Rabbinic tradition also provides a few anecdotal passages on the consequences of excessive alcohol consumption. While there is much to say, the Palestinian Talmud (Sanhedrin 8§7) comments on the effects of meat and wine on the infamous wayward and rebellious son. The Talmud states “Wine and sleep: for the wicked, it is beneficial to them and to the world, and for the righteous: it is bad for them and for the world.” In other words, if the evil ones of society are paralyzed by their indulgence in alcohol, and by excess sleep, they cannot continue to harm themselves by their action, or the rest of the world by default. The opposite holds true for the righteous and productive in society.

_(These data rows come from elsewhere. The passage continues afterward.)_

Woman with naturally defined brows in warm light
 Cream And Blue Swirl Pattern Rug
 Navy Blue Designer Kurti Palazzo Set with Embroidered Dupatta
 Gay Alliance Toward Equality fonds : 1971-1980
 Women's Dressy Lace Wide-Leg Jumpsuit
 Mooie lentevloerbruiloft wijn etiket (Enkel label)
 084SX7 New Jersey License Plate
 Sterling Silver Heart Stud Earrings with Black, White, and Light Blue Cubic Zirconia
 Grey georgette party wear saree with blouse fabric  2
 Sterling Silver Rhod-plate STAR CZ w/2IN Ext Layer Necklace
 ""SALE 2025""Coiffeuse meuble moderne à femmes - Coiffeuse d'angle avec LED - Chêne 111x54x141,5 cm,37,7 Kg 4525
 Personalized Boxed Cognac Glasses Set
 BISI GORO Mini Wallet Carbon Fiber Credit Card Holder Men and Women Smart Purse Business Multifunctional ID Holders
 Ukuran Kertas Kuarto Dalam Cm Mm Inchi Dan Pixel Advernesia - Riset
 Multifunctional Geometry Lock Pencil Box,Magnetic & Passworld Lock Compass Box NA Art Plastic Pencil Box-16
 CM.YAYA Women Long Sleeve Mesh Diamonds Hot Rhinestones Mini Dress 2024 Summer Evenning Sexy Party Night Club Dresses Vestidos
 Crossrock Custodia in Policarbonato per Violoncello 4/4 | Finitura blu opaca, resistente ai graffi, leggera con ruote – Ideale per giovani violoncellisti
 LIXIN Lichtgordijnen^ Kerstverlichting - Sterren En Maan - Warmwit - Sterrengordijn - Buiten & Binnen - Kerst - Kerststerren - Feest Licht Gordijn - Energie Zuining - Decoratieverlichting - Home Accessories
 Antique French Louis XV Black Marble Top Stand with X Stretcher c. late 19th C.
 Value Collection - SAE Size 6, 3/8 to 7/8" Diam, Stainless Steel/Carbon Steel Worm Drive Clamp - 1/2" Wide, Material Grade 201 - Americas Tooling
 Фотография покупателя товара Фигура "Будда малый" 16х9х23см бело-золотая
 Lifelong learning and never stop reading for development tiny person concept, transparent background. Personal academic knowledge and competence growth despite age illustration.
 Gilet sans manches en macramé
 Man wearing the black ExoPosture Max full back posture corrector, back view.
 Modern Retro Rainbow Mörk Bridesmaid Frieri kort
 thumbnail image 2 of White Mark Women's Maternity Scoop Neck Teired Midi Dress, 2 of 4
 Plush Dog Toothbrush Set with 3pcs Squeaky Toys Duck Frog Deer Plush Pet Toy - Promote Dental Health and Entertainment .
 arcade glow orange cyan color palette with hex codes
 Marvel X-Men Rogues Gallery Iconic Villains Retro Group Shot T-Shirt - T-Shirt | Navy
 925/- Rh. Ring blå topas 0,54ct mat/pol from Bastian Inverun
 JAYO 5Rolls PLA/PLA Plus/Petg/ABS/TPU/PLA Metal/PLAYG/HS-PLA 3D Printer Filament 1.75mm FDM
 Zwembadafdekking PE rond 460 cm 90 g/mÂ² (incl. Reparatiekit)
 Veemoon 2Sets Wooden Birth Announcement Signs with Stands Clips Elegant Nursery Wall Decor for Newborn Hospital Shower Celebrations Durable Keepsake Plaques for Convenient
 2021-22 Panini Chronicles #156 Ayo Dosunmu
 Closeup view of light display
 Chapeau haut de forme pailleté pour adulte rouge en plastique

Commenting on the passage of the righteous consuming wine, The Talmud notes that they drink, and sleep “a tad”, in order to “ease their minds” from their lightheartedness. This implies that the righteous have a right to drink as well, but only up to a point where a brief nap would do the trick to bring them back to normal. The Zohar (1§110b) takes the words of the Palestinian Talmud a notch further, by comparing the righteous to “a pig with a golden nose ring” whilst intoxicated. The righteous “must *never* become intoxicated”, and “defame the name of God” when doing so. In an almost Shakespearean like style of writing, I would like to end off with where we began from; with the Proverbs of King Solomon (Proverbs 23:29-35): “Who has woe? Who has uneasiness? Who has quarrels? Who has complaints? Who has wounds for no reason? Who has bleary eyes? Those lingering long over wine; Those searching out mixed wine. Do not look at the wine’s red color As it sparkles in the cup and goes down smoothly, For in the end it bites like a serpent, And it secretes poison like a viper. Your eyes will see strange things, And your heart will speak perverse things. And you will be like one lying down in the middle of the sea, Like one lying at the top of a ship’s mast. You will say: “They have struck me, but I did not feel it. They beat me, but I did not know it. When will I wake up? I need another drink.”